Der Senat folgt dem Kläger nicht im Hinblick auf seine Argumentation, dass die Beihilfeleistungen mangels Abhängigkeit von der Verwirklichung eines biometrischen Risikos (Alter, Tod, Invalidität) als Einkünfte aus nichtselbständiger Tätigkeit im Sinne des § 19 Abs. 1 Nr. 2 EStG zu qualifizieren sind. Die vom Kläger insoweit angeführte Rechtsprechung des BAG befasst sich ebenso wie die zitierten Ausführungen des BMF ausschließlich mit der Frage, wann von Leistungen der betrieblichen Altersversorgung im Sinne des Betriebsrentenrechts (Gesetz zur Verbesserung der betrieblichen Altersversorgung (BetrAVG)) auszugehen ist. Aus Sicht des Senats sind die hierzu von der Rechtsprechung des BAG aufgestellten Grundsätze, wonach Beihilfen nicht als Leistungen der betrieblichen Altersversorgung anzusehen sind, nicht auf die hier zu entscheidende Frage übertragbar, ob die Beihilfeleistungen als Versorgungsleistungen zu qualifizieren sind. Der Begriff „betriebliche Altersvorsorge” im Sinne des Betriebsrentenrechts und „Versorgungsleistungen” im Sinne des Einkommensteuerrechts sind insoweit nicht synonym.
b) Die für den Kläger geltenden Beihilferichtlinien unterscheiden ausdrücklich zwischen einem Beihilfeanspruch für aktive Belegschaftsangehörige (§ 1 a) der Richtlinie) und einem solchen Anspruch für Versorgungsempfänger (§ 1 b) der Richtlinie). Hieraus wird deutlich, dass bei Ausgestaltung der Beihilfeansprüche für Versorgungsempfänger eine gesonderte Rechtsgrundlage für Beihilfeleistungen geschaffen wurde.

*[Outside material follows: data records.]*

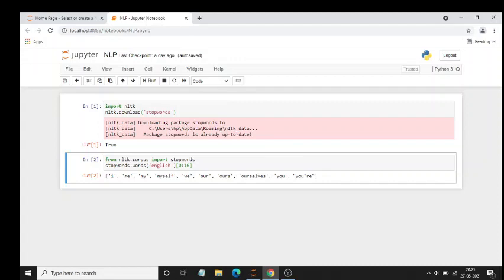That will match with the advertisements data or something. For example, when you speak to someone or type something and you get similar advertisements on YouTube, Instagram, etc., it is this thing which is running in the background.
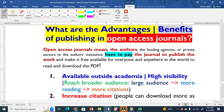Let us talk about the advantages and benefits of publishing your research article in open access journals. First of all, let's understand what open access is. It is clear from the name: once you publish your research article or review article, it will be freely available to everybody across the world to read online or download the PDF. It is open — not closed — for everybody to read.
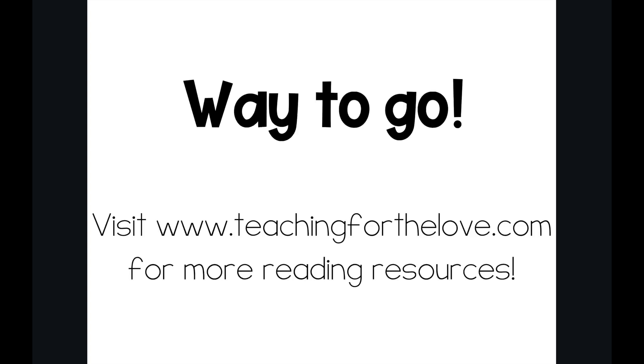Great job! You can practice with this video as many times as you need to master this sound. For more reading resources, go to www.teachingforthelove.com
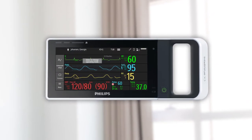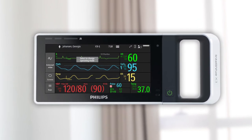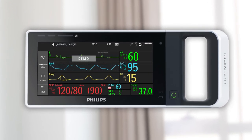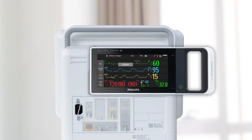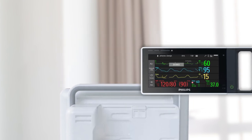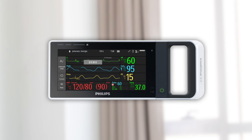The X3 can function as a stand-alone patient monitor or as a multi-measurement module for the Intelliview family of patient monitors. When the X3 is attached to a host monitor, it is in companion mode and, if configured, may show active patient data. Disconnecting the X3 from the host monitor allows for interaction with the X3 device.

Der Beihilfeanspruch des Klägers knüpft danach an seinen Status als Versorgungsempfänger, welcher seinerseits an die Verwirklichung eines biometrischen Risikos anknüpft und der Beihilfeanspruch damit einen Versorgungsbezug im Sinne des § 19 Abs. 2 EStG darstellt. Neben dem Umstand, dass krankheitsbedingte Kosten überhaupt entstanden sind, ist also weiteres wesentliches Merkmal zur Anspruchsbegründung u.a. das Überschreiten einer Altersgrenze (vgl. insoweit auch BFH vom 30.01.2002 I R 59/00, BFH/NV 2002, 1288). Unerheblich ist insoweit, dass der Kläger bereits während seiner aktiven Arbeitszeit Beihilfeansprüche hat geltend machen können, da diese Ansprüche auf Basis einer anderen Rechtsgrundlage nach den Beihilferichtlinien bestanden. Insoweit ist auch unmaßgeblich, ob die Beihilfen lediglich einen „Sonderbedarf” in Krankheitsfällen abdecken.

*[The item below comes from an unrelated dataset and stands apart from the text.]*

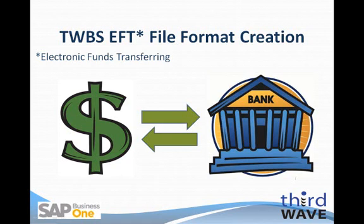Welcome to the Third Wave Business Systems EFT File Format Configuration Tool Overview. My name is Dennis Tucker, I'm a Technical Manager at Third Wave, and I'll be providing you with a demonstration on how to customize your EFT file format.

Der Anspruch auf Beihilfen im Krankheitsfall stellt insoweit einen Bezug aus einem früheren Dienstverhältnis wegen Erreichens der Altersgrenze dar.

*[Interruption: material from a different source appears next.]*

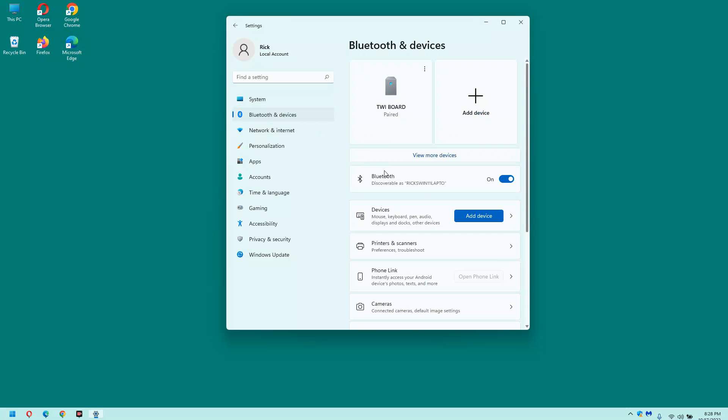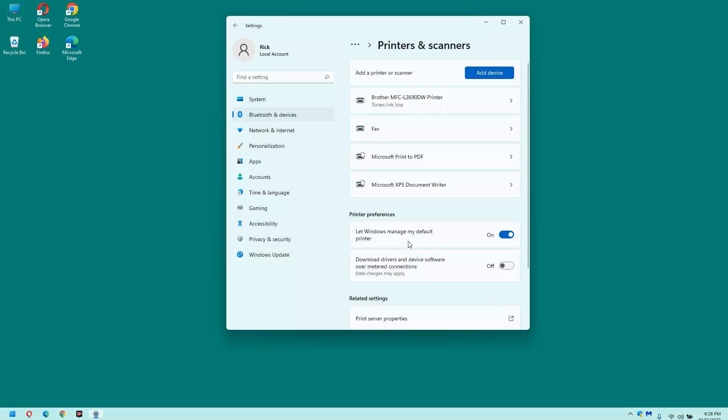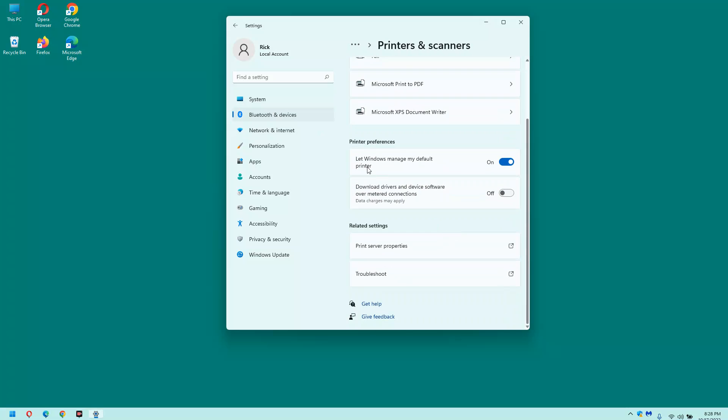In the right hand pane, click printers and scanners. Now, this right here, let Windows manage my default printer, that's the setting you want to change. Just toggle it off.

2. Die Kostenentscheidung folgt aus § 135 Abs. 1 FGO.
3. Die Revision war gemäß § 115 Abs. 2 Nr. 1 FGO zuzulassen wegen der Frage, ob an Versorgungsempfänger geleistete Beihilfezahlungen als Versorgungsleistungen im Sinne des § 19 Abs. 2 EStG zu beurteilen sind. Diese Frage hat grundsätzliche Bedeutung für eine Vielzahl von Fällen. Hierauf hat bereits der Bevollmächtigte des Klägers selbst im Hinblick auf parallele Verfahren zur selben Frage hingewiesen.